**Problem description**
Below is some data. Retype exactly the lines starting at the one with "LADY COUTURE Flower" and ending at the one with "New Season Pleated".

**Input data**
========

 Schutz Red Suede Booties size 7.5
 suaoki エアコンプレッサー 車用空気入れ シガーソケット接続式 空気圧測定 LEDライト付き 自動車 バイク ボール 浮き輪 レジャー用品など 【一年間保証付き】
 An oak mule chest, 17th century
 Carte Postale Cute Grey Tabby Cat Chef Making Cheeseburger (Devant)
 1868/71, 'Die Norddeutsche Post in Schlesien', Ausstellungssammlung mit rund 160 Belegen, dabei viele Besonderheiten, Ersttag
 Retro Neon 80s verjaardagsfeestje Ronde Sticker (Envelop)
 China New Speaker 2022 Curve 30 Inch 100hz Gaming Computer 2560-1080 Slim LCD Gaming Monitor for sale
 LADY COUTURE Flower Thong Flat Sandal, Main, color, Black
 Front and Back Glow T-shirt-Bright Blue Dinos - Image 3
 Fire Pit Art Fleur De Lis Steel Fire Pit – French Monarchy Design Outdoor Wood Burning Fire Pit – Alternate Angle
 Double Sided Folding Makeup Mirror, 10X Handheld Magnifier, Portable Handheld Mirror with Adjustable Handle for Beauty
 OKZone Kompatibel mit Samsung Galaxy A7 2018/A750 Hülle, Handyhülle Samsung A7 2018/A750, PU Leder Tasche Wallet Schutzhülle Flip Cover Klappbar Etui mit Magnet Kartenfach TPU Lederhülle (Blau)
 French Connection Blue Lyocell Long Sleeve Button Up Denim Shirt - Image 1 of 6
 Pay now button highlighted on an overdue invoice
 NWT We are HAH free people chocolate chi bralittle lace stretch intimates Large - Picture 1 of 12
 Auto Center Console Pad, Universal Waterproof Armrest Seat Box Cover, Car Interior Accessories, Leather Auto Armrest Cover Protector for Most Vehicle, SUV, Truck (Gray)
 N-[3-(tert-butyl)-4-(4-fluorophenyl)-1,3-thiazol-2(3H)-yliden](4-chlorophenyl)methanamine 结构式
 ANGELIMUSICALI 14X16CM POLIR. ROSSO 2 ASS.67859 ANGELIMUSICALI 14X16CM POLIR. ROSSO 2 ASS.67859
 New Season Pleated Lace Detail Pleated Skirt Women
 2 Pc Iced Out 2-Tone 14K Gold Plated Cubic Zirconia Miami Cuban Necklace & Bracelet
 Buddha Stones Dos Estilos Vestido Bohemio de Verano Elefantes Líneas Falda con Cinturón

========

**Your response**
 LADY COUTURE Flower Thong Flat Sandal, Main, color, Black
 Front and Back Glow T-shirt-Bright Blue Dinos - Image 3
 Fire Pit Art Fleur De Lis Steel Fire Pit – French Monarchy Design Outdoor Wood Burning Fire Pit – Alternate Angle
 Double Sided Folding Makeup Mirror, 10X Handheld Magnifier, Portable Handheld Mirror with Adjustable Handle for Beauty
 OKZone Kompatibel mit Samsung Galaxy A7 2018/A750 Hülle, Handyhülle Samsung A7 2018/A750, PU Leder Tasche Wallet Schutzhülle Flip Cover Klappbar Etui mit Magnet Kartenfach TPU Lederhülle (Blau)
 French Connection Blue Lyocell Long Sleeve Button Up Denim Shirt - Image 1 of 6
 Pay now button highlighted on an overdue invoice
 NWT We are HAH free people chocolate chi bralittle lace stretch intimates Large - Picture 1 of 12
 Auto Center Console Pad, Universal Waterproof Armrest Seat Box Cover, Car Interior Accessories, Leather Auto Armrest Cover Protector for Most Vehicle, SUV, Truck (Gray)
 N-[3-(tert-butyl)-4-(4-fluorophenyl)-1,3-thiazol-2(3H)-yliden](4-chlorophenyl)methanamine 结构式
 ANGELIMUSICALI 14X16CM POLIR. ROSSO 2 ASS.67859 ANGELIMUSICALI 14X16CM POLIR. ROSSO 2 ASS.67859
 New Season Pleated Lace Detail Pleated Skirt Women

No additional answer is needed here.